僕たちは無意識のうちに「自分はプロダクト(=正義)の代弁者である」という免罪符を持ってしまっていないでしょうか?
「ユーザーのために」「事業のための」「成果のために」という大義名分があれば、多少厳しい言い方をしても許される。論理的に正しければ、相手は納得するはずだ。僕自身、そう思い込んでいた時期もありました。
でも、人間は感情の生き物です。どんなに正しい指摘でも、言い方や表情、関係性で”攻撃”と受け取られます。特に、PdMのような「仕様を決める権限」を持つ人間からの言葉は、本人が思っている以上に重く、鋭く、相手に突き刺さるのです。
人を扱うときは、論理の動物を扱っているのではなく、感情の動物を扱っている
『人を動かす』(D・カーネギー)
「怖い」の正体とは?論理で人を追い詰める「無自覚な攻撃」
では、具体的にどのようなコミュニケーションが「怖い」と感じさせるのでしょうか。大声で怒鳴るわけでも、机を叩くわけでもありません(流石にそんなにわかりやすくダメなことをしているPdMはいないと思います)。PdMが陥りやすい「怖さ」は、もっと静的で、複合的なものだと思っています。

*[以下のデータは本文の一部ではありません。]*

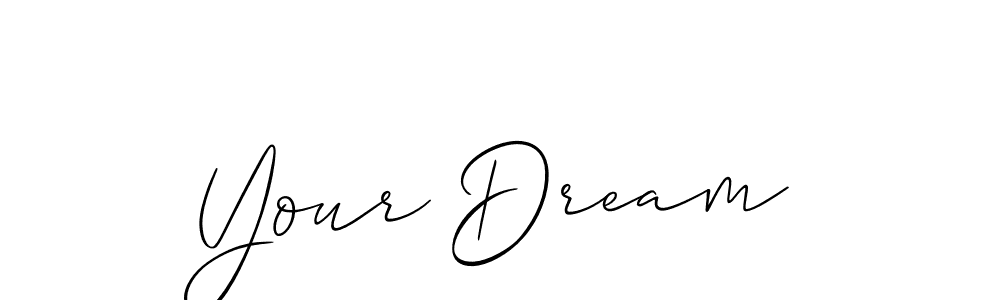 How to make Your Dream signature? Allison_Script is a professional autograph style. Create handwritten signature for Your Dream name. Your Dream signature style 2 images and pictures png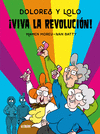 DOLORES Y LOLO Nº 2. ¡VIVA LA REVOLUCIÓN!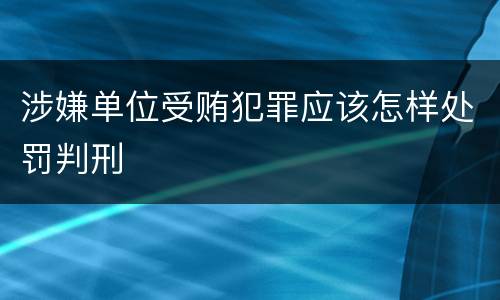 涉嫌单位受贿犯罪应该怎样处罚判刑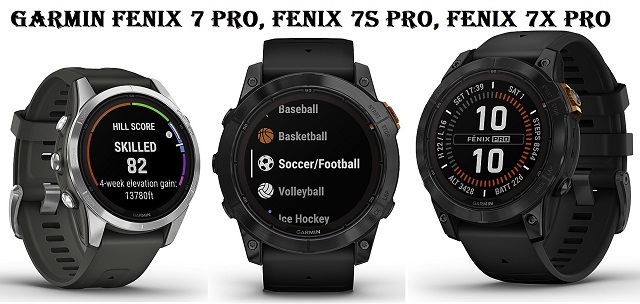 Garmin Fenix 7 Pro, Fenix 7S Pro, and Fenix 7X Pro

論理誘導(ロジカル・インダクション)による「詰み」の演出
自覚しにくく、しかし最も相手を追い詰めるパターン。あなたは、会議でこんな話し方をしていないでしょうか。
「Aという仕様で合意しましたよね?」
「はい」
「今の実装はBになっていますよね?」
「はい」
「AとBは矛盾しますよね?」
「……はい」
「じゃあ、なぜBになっているんでしょうか?」
これは対話ではなく、「論理による裁判」です。相手に「はい」と言わせ続け、最後に逃げ場をなくしてとどめを刺す。PdMにとっては「事実確認」のつもりでも、エンジニアや他のPdMにとっては「公開処刑」に近いストレスを与えます。

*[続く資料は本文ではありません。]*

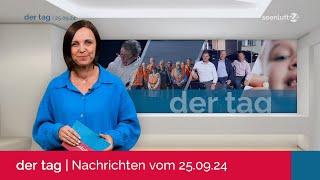 DER TAG | Die Nachrichten vom 25.09.2024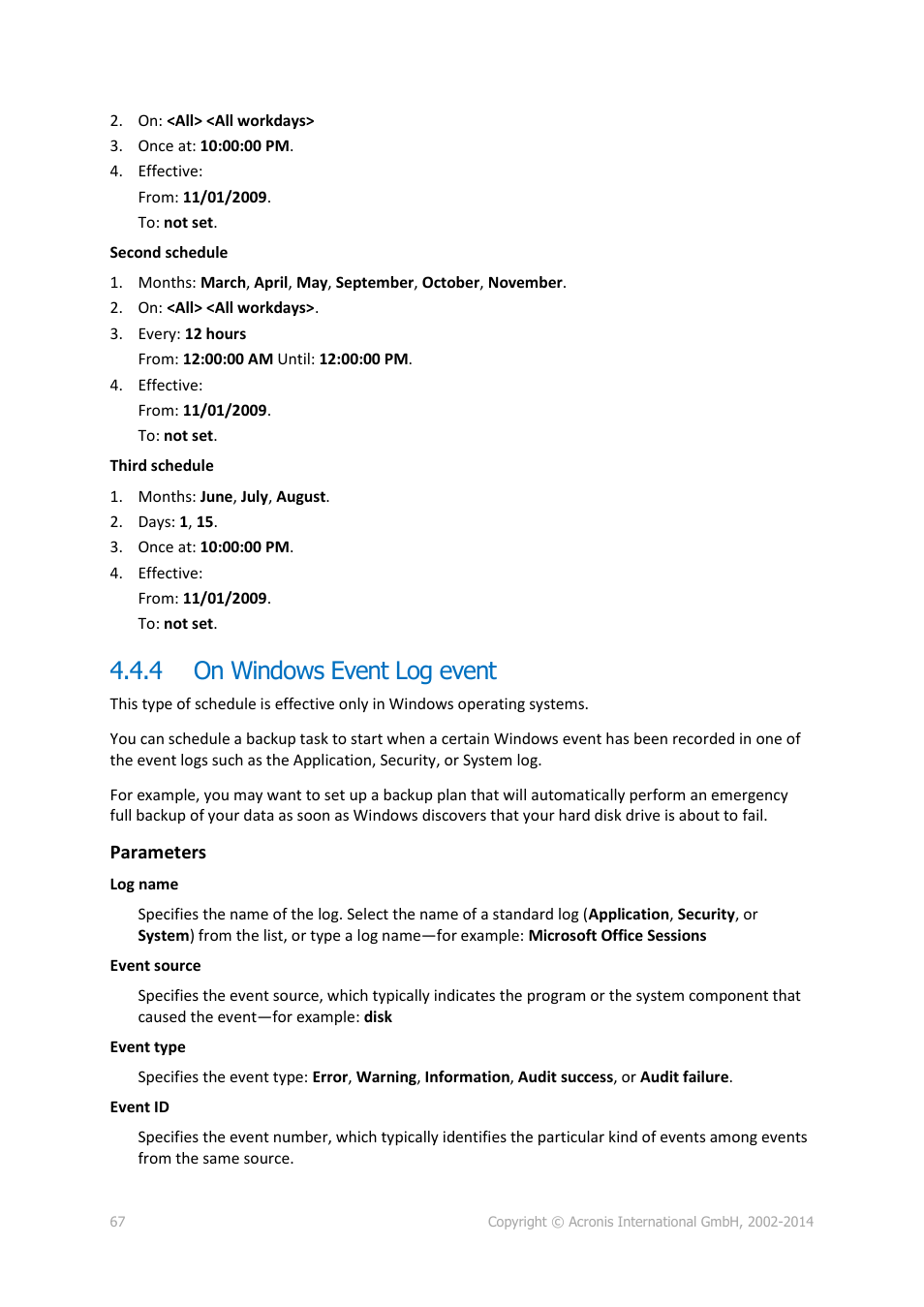 4 on windows event log event, On windows event log event | Acronis Backup for Windows Server - User Guide User Manual | Page 67 / 269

以前記事にした“Why地獄”から脱出:ユーザーインタビューでの「なぜなぜ尋問」からリカバリーする27の質問パターンでも触れましたが、「なぜ?」の連打は、開発現場においても相手を委縮させる最強の武器になってしまうのです。

言葉選びとトーンの「鋭利さ」
テキストコミュニケーションだけではなく、Zoom等のオンラインミーティングや対面での会話において、以下のような態度をとっていないでしょうか。
- 言葉のナイフ:「普通に考えて」「それ意味あります?」「解像度低くないですか?」といった、相手の知性を軽視するようなフレーズ。
- 声のトーン: 相手の発言に対して、食い気味に「いや、」と否定から入る。あるいは、納得がいかない時に無言で真顔になる。
特に論理的思考が得意なPdMほど、無駄を省いたストレートな表現を好みますが、日々使う“言葉”がプロダクトチーム文化を決めるのです。鋭利すぎる言葉は、「冷徹さ」として伝わり、周囲を萎縮させます。

壁打ちにおける「未完成なアイデア」への不寛容
「ちょっと相談いいですか?」とメンバーがアイデアを持ってきた時。まだ荒削りなその案に対して、即座に「実現可能性は?」「エビデンスは?」「KPIへのインパクトは?」と畳み掛けていないでしょうか。
これを繰り返すと、メンバーは「完璧に理論武装してからじゃないと、あのPdMには話しかけられない」と学習します。
結果、気軽な壁打ちは消滅し、相談が来るのは手遅れになったタイミングだけになる。これが「怖いPdM」が自ら招く最悪のサイクルです。
関係性の欠如(信頼残高の不足)
同じ「なんで?」という言葉でも、信頼関係がある相手なら「純粋な疑問」として受け取られますが、関係性が薄い相手だと「責められている」と感じられます。
普段、業務以外の雑談をしていますか? 相手が今、どんな技術に関心があるか知っていますか。「仕事だから関係ない」とドライに割り切り、信頼関係(土台)を作らないまま、重い指摘(負荷)だけを乗せようとするから、コミュニケーションが崩壊するのです。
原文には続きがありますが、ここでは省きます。